The binding of VEGF to VEGFR2 results in a burst of ROS . To examine whether S100B autocrine enhances the oxidative stress through VEGF autocrine in MHE astrocytes, we pre-incubated MHE astrocytes with S100B and then transfected cells with VEGF siRNA. The addition of S100B further amplified ROS production, while the silencing of VEGF lowered the levels of ROS in S100B-treated MHE astrocytes, indicating the responsibility of VEGF for the S100B-induced inflammatory action (Figure 7A). Moreover, the knockdown of VEGF significantly diminished the action of S100B, indicating the involvement of VEGF in the S100B-response NOX1 and NOX2 regulation (Figure 7B and 7C).
NF-kB up-regulates NADPH oxidase activity, leading to an increase in ROS levels . COX2 contributes to oxidative stress  and regulates NADPHox-driven ROS production . To assess the impact of S100B on the oxidative stress depending on COX-2 and NFƙB, we treated MHE astrocytes with S100B together with NFKB inhibitor PDTC or COX-2 inhibitor celeCOXib. NADPH oxidase activity was significantly increased in MHE astrocytes; increased NADPH oxidase activity was further activated after treatment of exogenous S100B. However, PTK787, celeCOXib, PDTC, or AVAB addition diminished the effect of S100B (Figure 7D), indicating the involvement of COX-2/nfkb signaling in S100B-response oxidative stress.

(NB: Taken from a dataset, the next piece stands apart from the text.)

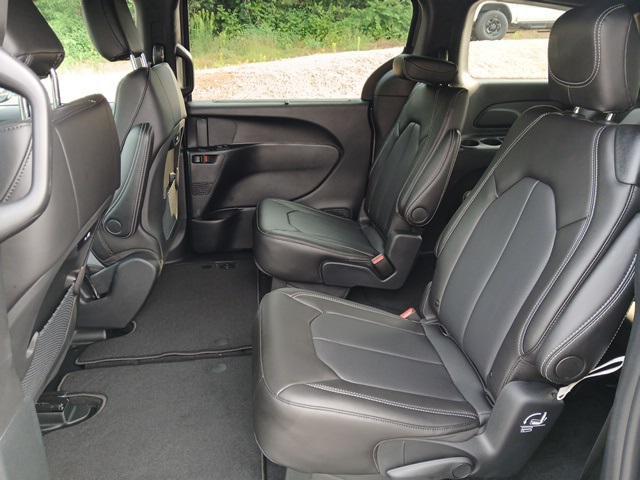 new 2025 Chrysler Pacifica car, priced at $43,470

MHE astrocytes have impaired ability to promote neuronal growth
Given the extensive dependency of neurons on astrocytic support (growth and viability), we co-cultured N2A cells with MHE astrocytes to address the effect of the MHE astrocytes on the neuronal viability using MTT assay. MHE astrocytes resulted in obvious N2A cell loss after 18h and 24h of co-culturing (Figure 8A). Moreover, we evaluated the apoptotic effect of MHE astrocytes on N2A cells in vitro by flow cytometry. Flow cytometric analysis of apoptosis showed that the percentage of apoptotic neurons was significantly higher after co-culturing N2A cells with MHE astrocytes than with WT astrocytes (Figure 8B and 8C). Moreover, similar results were observed in vivo. Briefly, we isolated neurons from P1–P2 pups with co-cultured of MHE astrocytes to assess primary cortical neuronal apoptosis using the TUNEL study. Primary cortical neurons showed the obvious increase in TUNEL positive cells (apoptosis) in co-cultures with MHE astrocytes as compared to co-cultures with MHE astrocytes (Figure 8D).
We also characterized whether MHE astrocytes were impaired in promoting neurite growth length of the longest neurite per primary cortical neuron. Length of the longest neurite per neuron, evident by β-tubulin staining, was measured in at least 100 neurons per coverslip. We discovered that neurons had longer neurites in contact with WT astrocytes. MHE astrocytes promoted the growth of shorter neurites by co-cultures as compared to WT astrocytes culture (Figure 8E and 8F). These data indicated that activated astrocytes impair neuronal survival in MHE.